Task to complete » Could you write out, exactly, every line from the top of the data through the line holding "Northface Souk Glenclyffe"? Omit the pictures.

Material for this task »
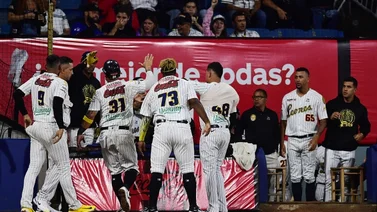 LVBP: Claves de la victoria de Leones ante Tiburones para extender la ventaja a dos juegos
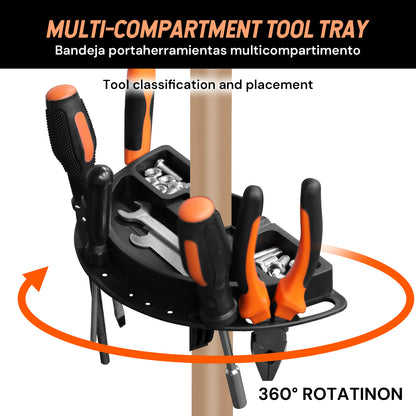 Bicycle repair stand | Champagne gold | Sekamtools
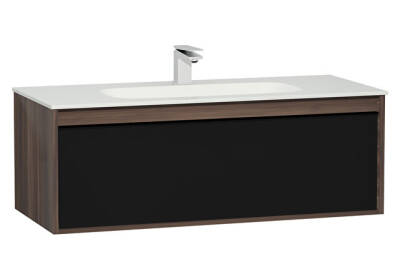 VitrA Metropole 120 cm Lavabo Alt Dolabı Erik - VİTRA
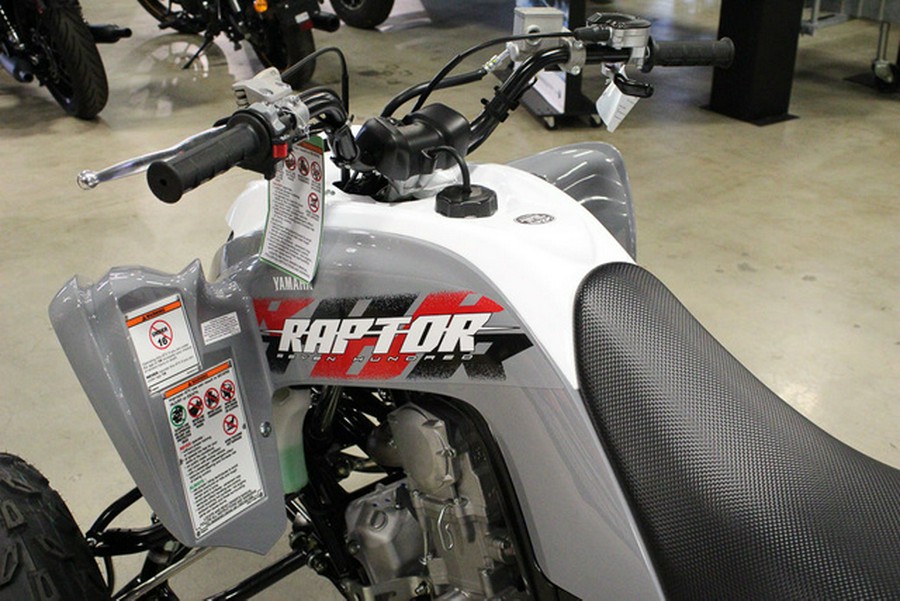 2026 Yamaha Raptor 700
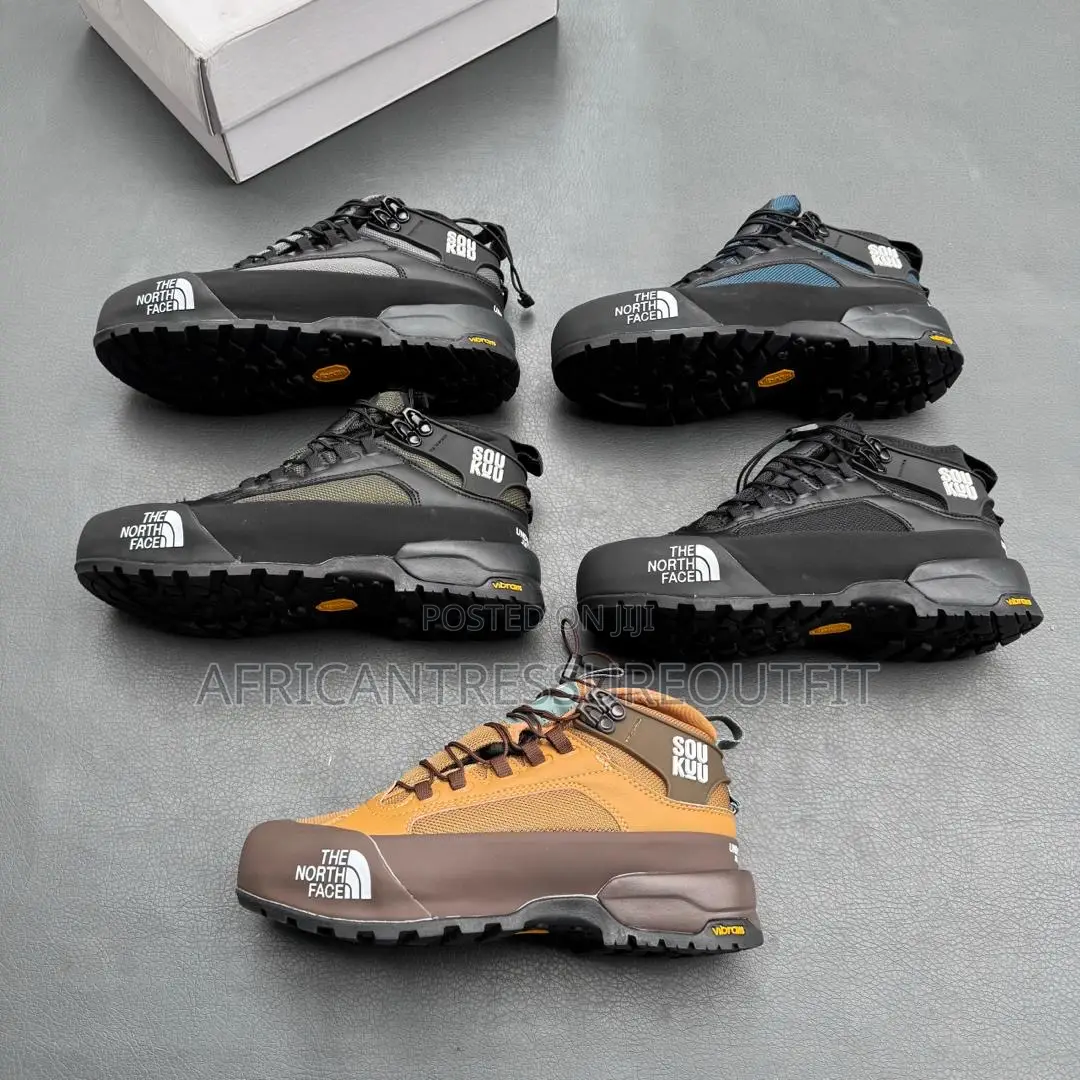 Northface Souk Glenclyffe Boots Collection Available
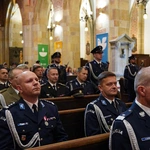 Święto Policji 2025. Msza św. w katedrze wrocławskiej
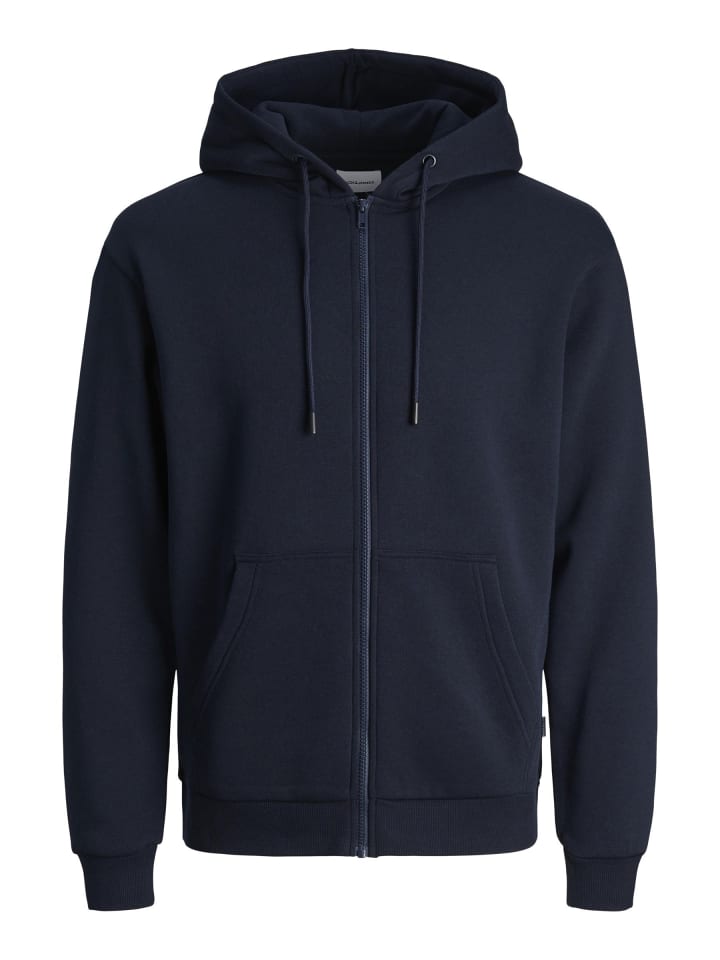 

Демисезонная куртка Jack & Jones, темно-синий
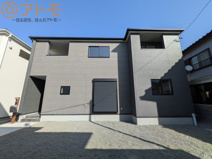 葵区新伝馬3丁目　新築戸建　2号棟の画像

Answer to this task »
 LVBP: Claves de la victoria de Leones ante Tiburones para extender la ventaja a dos juegos
 Bicycle repair stand | Champagne gold | Sekamtools
 VitrA Metropole 120 cm Lavabo Alt Dolabı Erik - VİTRA
 2026 Yamaha Raptor 700
 Northface Souk Glenclyffe Boots Collection Available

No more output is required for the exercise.